While the numbers make for a powerful sound bite, the math isn’t sound.

According to the American Statistical Association, the relationship between student test scores and teacher effectiveness is not causative—meaning a bad grade isn’t necessarily caused by a bad teacher.

In a statement released last April, the ASA explained that the “value-added method” (VAM) of evaluating teachers are “generally based on standardized test scores and do not directly measure potential teacher contributions toward other student outcomes.” The statement went on to say, “Effects—positive or negative—attributed to a teacher may actually be caused by other factors that are not captured in the model.”

And possibly most damning: “Ranking teachers by their VAM scores can have unintended consequences that reduce quality.”

At least one member of the Board of Regents understands that this kind of testing has its limitations.

On The Capitol Pressroom radio show on Dec. 19, Regent Jim Tallon was asked if there is a direct connection between the number of kids who fail and the number of teachers who fail. He responded, “You’re asking would science make that correlation? I would say the science does not make that correlation.”

Regardless of its lack of value, Cuomo wants to double down on the testing portion of the rubric, demanding that New York’s Annual Professional Performance Review, or APPR, be revised so that 50 percent of a teacher’s evaluation is linked to the state tests.
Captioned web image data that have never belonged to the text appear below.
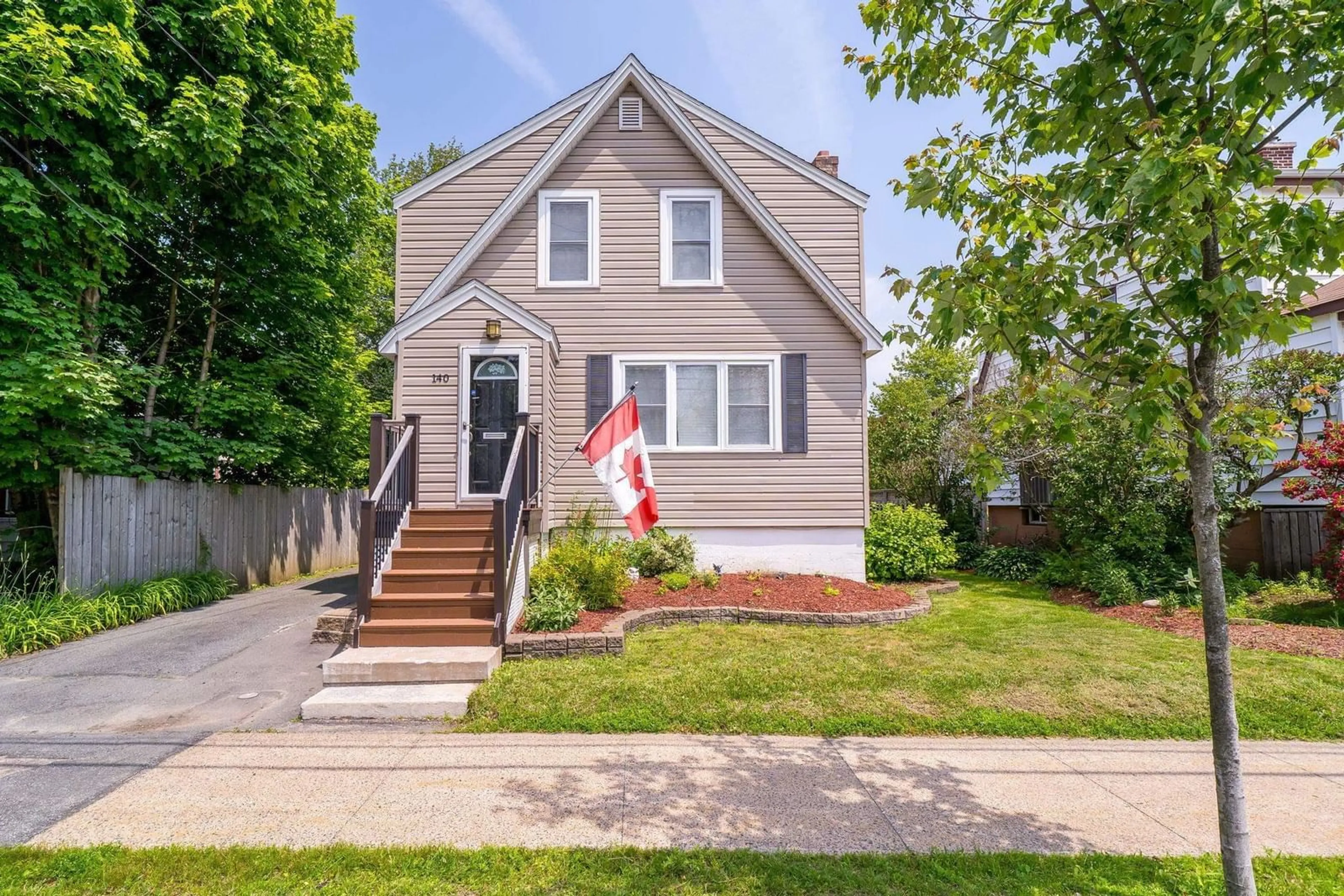Home with vinyl exterior material, street for 140 Victoria Rd, Dartmouth Nova Scotia B3A 1V7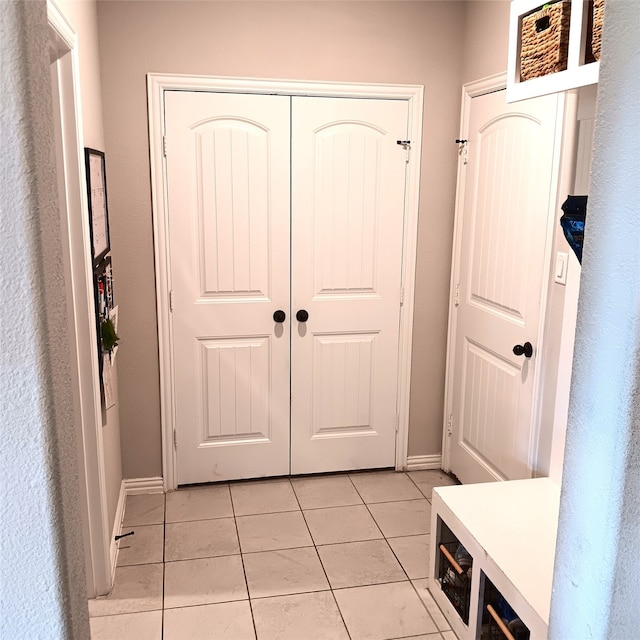 interior space featuring light tile patterned floors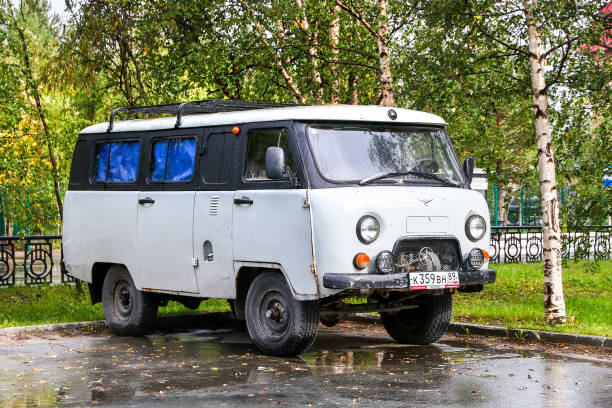UAZ-39625 Nadym, Russia - September 4, 2022: Offroad passenger van UAZ-39625 in the city street. uaz 4x4 land vehicle woods stock pictures, royalty-free photos & images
Sean Corcoran, an associate professor of educational economics at New York University who studies teacher quality and effectiveness, is concerned about this kind of simplification.

“I think there is a somewhat naïve view that we can look toward test outcomes to find who those good teachers are,” Corcoran said. “(It) reflects a fundamental misunderstanding of how valid these measures are of a teacher’s influence on student outcomes.”

Is it possible to create a value-added model that accurately measures teacher effectiveness?

“I think the short answer is no,” responded Corcoran. “We’re pretty limited … in how we can account for differences across classrooms and student ability as well as outside influences on student achievement, including family background and community resources.”

But some evaluations are better than others. The key, says Corcoran, is “not to place too much of an emphasis on any one measure.”

When asked for examples of evaluation systems he considers to be among the best, Corcoran pointed to school districts in Washington, D.C. and Cincinnati.

“Both of those systems reflect a balance between different measures, although Washington, D.C. has put a pretty heavy weight on student outcomes,” Corcoran said. “Both … weigh multiple measures, and aim to provide constructive feedback to teachers.”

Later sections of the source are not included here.